When the Golden Army was summoned from their long sleep, she was barely grown. Liodain knew nothing of war, but quickly joined the rising tide of resistance. Even the court of the now-deceased King Balor fell into step behind the fearless Nuada. The elves and their kin rose as one to burn the earth clean.

Long years passed. She moved between camps, catching instruction when she could, caring for the wounded, burning the dead. Elven women were not warriors as they once had been. Considered too precious to waste on the battlefield, Liodain was treated with a mixture of caution and disdain. Sometimes a sympathetic soldier would teach her some of the old art, but mostly she contented herself with the work of the pages: dressing wounds, repairing armor, dispatching the lingering humans on the field after a battle.


Liodain got a hand under her breastplate, putting pressure on a wound her armor hadn't saved her from. She concentrated on the rhythmic pounding of her feet on the soft earth. The sun was almost blinding. Sweat stung her eyes. And yet, ahead, the white tents of the camp were just visible on the edge of the woods.

Iron sung through her veins, turning gold-colored blood brown and sticky before it even fell from her body. Her vision was starting to dim, but somehow her legs continued to pump, her feet moving her to the command tents.

One structure was larger than the others, closest to the woods. She had never before even dreamt of approaching it-inside, Silverlance slumbered-but if she didn't alert him their revolution was dead.

"Sire! Sire!" She said finally, her voice breaking. The roaring in her ears was threatening to overtake her. One leg buckled, then the other, and she went down on her knees. Agonizing moments passed, while her life leaked out onto the ground that had drank so much of their blood already.

Finally, the tent flap moved, and Prince Nuada himself emerged.

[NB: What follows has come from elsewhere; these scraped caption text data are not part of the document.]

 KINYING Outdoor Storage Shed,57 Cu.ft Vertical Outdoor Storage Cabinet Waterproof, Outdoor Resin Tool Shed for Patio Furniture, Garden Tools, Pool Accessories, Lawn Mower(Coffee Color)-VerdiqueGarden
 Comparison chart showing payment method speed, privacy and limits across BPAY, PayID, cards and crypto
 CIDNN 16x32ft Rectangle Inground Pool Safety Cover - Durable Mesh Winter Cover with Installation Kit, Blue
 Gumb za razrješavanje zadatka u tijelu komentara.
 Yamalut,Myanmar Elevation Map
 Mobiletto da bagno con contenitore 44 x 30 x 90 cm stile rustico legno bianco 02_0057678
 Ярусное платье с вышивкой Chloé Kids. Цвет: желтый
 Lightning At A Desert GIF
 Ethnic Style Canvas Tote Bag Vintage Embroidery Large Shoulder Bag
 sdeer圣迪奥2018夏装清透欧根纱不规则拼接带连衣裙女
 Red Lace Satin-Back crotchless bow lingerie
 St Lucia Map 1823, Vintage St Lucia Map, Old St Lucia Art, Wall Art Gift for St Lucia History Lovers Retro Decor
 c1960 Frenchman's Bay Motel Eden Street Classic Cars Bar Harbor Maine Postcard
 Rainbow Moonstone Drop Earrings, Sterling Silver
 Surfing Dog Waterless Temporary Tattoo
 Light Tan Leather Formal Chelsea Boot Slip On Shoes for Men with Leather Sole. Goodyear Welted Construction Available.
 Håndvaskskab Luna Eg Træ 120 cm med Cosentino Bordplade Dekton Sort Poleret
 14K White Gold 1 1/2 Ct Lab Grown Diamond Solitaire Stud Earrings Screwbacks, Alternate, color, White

Time seemed to slow. His white-gold hair was loose, flowing past his bare shoulders. He was wearing only linen trousers, and myriad scars stood out on his pale chest and broad shoulders. Eyes the color of Baltic amber settled on her, and he was in motion.

"My Liege." She gasped, pulling her heavy helmet off.

Silverlance was instantly at her side, one cold hand closing around her wrist. The world shifted suddenly, and she was in his arms. He smelled like dry leaves and night.

"A second army. Larger. Moving toward us from the west. This battle-a trap. They hope to overtake us while we sleep. Caught a scouting party on the field." Liodain said.

With every breath she was misting him with blood. Some landed on his face but he made no movement to wipe it away.

The Prince's eyes flickered over her, his breath coming quick through parted lips. Then he turned to the generals who were just now coming to his side, speaking rapidly in the old tongue, and she saw no more.